Nel “Discorso del Re”,la fondamentale figura del logopedista riabilita il profilo di George VI°
Un metodo per attori trasforma la voce del re d’Inghilterra in un testimonial carismatico
Geoffrey Rush (Lionel Logue)
Una delle maggiori doti che portano il film dentro un livello di superiorità risiede in un lavoro di cesellatura a qualità cinefila veramente apprezzabile. La vicenda che storicizza ed in qualche capitolo aderisce ad una certa classicità,va ad indagare il groviglio di un sovrano sciogliendo l’effetto di un imperdibile momento di gloria. Il pregio non sta nell’aver destrutturato la figura del re offrendoci una sensazione di egualitarismo,quando espone la vacillante figura di Giorgio VI° davanti alla prova del regno in una sorta di psicanalisi borghese.
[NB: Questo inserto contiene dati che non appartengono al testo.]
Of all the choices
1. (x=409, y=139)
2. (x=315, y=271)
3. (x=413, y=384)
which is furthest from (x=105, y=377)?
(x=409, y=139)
In fondo il cinema moderno ci ha abituato e nutrito a modelli del genere. La novità di rilievo si può vederla nel personaggio del logopedista Lionel,imprevedibile totalmente asimmetrico nei confronti di regole ordinarie. La chimica che possiede non è quella di uno scienziato o di un teorico ma è congenita,somigliante a quella di un regista più specificatamente a un direttore di recitazione che sa tirar fuori lo spunto che manca all’attore per compenetrare il personaggio perfetto.
William Shakespeare
Attraverso la sua impervia opera di fede shakespeariana non ci sono soltanto le fasi di una crescita individuale ma l’attuazione di un’immagine rappresentativa per una nazione che non può non essere incarnata da un personaggio carismatico; un interprete che sa catalizzare nei toni delle corde vocali attese e speranze nel più tipico moderno stile del testimonial mediatico. Il gioco dei conflitti è pane per Logue (Geoffrey Rush),pur non essendo stato un grande attore,contempla ugualmente l’energia dei migliori e sa tirar fuori la grinta giusta per il momento opportuno. Il microfono è un sipario che quando si apre ti mette a duello con un invisibile giudice chiamato pubblico. Sai che devi prendere l’onda cavalcarla e lasciarti danzare,non puoi averne timore e sbatterci contro,ne verresti travolto senza rimedio. Quel palcoscenico funziona così e la lezione del logopedista australiano cattura la personalità insicura del re (Colin Firth) riuscendo a correggere la pronuncia che inciampa. Il metodo seguito è una tecnica pressappoco parente del sopruso,non viene appresa con lettura di manuali,si evidenzia dolorosamente come il tirar fuori senza anestesia un corpo estraneo da una ferita,ma per Tom Hooper sembra un’impareggiabile lezione di vita che accomuna al più alto traguardo dell’arte.